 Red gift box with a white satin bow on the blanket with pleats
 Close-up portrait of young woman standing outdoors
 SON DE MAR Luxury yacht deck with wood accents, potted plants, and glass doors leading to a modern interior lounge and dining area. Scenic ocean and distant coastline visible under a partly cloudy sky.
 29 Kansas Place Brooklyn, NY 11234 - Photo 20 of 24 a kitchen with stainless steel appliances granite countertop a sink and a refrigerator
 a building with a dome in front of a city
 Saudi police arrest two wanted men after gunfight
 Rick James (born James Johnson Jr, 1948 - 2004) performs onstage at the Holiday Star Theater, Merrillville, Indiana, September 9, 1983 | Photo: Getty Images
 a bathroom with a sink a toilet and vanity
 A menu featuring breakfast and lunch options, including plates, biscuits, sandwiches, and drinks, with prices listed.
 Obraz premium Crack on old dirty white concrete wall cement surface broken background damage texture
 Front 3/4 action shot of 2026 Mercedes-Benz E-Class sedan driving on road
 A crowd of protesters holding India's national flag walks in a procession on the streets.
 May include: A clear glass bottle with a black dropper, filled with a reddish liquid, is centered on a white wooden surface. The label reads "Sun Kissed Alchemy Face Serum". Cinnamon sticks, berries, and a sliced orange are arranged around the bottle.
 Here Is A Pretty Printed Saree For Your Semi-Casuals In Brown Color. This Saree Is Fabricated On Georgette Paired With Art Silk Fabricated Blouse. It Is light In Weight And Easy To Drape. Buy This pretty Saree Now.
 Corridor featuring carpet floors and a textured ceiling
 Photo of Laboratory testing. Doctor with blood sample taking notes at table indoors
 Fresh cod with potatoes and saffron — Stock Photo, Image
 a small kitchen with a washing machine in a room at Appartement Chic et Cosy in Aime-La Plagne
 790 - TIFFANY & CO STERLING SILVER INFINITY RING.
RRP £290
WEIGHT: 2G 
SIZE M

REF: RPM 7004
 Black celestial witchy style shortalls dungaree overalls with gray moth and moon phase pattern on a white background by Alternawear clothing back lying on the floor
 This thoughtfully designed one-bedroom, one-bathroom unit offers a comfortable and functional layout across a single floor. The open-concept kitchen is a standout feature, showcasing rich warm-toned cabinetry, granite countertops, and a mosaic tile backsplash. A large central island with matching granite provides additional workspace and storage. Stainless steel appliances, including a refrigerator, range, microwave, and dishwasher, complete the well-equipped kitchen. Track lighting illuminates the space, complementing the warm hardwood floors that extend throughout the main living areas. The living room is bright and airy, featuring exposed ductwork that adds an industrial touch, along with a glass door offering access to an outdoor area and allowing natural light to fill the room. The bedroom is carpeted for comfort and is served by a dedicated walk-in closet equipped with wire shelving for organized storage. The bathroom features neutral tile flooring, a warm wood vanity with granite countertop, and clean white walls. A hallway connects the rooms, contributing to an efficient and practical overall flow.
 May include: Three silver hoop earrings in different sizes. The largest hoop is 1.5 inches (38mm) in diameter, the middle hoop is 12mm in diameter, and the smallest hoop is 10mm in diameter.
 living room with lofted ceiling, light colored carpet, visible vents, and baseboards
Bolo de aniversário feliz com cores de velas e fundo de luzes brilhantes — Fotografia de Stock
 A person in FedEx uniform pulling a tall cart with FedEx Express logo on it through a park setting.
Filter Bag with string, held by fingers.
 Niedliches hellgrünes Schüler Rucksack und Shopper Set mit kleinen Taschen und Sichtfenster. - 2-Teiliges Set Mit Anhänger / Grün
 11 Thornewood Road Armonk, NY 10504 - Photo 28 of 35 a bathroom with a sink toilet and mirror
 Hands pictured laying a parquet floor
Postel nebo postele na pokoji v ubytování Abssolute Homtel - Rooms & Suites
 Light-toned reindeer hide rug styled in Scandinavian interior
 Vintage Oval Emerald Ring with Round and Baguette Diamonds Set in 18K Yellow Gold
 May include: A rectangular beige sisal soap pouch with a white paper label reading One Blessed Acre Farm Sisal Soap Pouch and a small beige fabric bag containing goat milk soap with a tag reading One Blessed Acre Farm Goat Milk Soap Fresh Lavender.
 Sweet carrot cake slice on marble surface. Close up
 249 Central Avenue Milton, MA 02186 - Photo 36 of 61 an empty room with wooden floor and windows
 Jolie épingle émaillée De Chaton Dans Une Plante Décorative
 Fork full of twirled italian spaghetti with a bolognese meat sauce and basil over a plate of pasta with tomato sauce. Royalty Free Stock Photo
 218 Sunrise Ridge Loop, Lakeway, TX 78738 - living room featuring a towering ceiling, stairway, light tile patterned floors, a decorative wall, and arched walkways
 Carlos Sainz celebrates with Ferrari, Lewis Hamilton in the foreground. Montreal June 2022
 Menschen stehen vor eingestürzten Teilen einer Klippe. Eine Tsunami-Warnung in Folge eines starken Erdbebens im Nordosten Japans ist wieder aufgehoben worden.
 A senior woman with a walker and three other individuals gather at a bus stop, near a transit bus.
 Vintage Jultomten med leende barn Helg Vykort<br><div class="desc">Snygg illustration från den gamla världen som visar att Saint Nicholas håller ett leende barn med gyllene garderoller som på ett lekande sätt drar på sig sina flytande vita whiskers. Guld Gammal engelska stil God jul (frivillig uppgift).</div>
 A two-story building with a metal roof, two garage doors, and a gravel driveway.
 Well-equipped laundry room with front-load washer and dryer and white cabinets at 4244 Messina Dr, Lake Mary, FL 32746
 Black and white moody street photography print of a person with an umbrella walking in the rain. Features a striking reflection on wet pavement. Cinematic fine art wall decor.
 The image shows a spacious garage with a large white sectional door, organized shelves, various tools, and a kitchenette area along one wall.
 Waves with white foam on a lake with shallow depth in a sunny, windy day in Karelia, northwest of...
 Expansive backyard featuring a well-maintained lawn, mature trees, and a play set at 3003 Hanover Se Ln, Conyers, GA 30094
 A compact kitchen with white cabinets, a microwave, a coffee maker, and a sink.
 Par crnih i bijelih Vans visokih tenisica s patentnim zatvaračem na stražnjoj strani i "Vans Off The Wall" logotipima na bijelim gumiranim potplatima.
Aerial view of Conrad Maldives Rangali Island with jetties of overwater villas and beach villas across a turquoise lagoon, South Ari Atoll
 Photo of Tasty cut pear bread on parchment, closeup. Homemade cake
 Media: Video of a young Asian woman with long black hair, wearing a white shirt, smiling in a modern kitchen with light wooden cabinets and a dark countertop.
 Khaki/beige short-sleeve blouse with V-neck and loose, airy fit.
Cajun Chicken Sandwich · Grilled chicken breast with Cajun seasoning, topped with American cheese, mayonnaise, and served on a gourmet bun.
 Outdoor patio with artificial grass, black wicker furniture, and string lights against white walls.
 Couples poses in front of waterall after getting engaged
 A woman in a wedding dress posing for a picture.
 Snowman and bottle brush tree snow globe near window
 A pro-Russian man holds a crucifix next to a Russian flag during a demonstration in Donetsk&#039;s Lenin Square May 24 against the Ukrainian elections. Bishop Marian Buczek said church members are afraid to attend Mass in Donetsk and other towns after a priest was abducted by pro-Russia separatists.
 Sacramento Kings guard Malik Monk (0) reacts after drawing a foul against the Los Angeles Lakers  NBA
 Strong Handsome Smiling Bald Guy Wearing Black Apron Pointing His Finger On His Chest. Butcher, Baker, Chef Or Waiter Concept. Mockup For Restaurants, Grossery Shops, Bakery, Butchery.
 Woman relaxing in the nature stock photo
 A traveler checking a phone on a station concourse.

━━━━━━━━━━━━━━━━━━━━━━━━━━━━━━

**About this task:** Please give an exact restatement of only the lines from the beginning of the material above to the line with "Saudi police arrest", inclusive.

**Completed task:**
 Red gift box with a white satin bow on the blanket with pleats
 Close-up portrait of young woman standing outdoors
 SON DE MAR Luxury yacht deck with wood accents, potted plants, and glass doors leading to a modern interior lounge and dining area. Scenic ocean and distant coastline visible under a partly cloudy sky.
 29 Kansas Place Brooklyn, NY 11234 - Photo 20 of 24 a kitchen with stainless steel appliances granite countertop a sink and a refrigerator
 a building with a dome in front of a city
 Saudi police arrest two wanted men after gunfight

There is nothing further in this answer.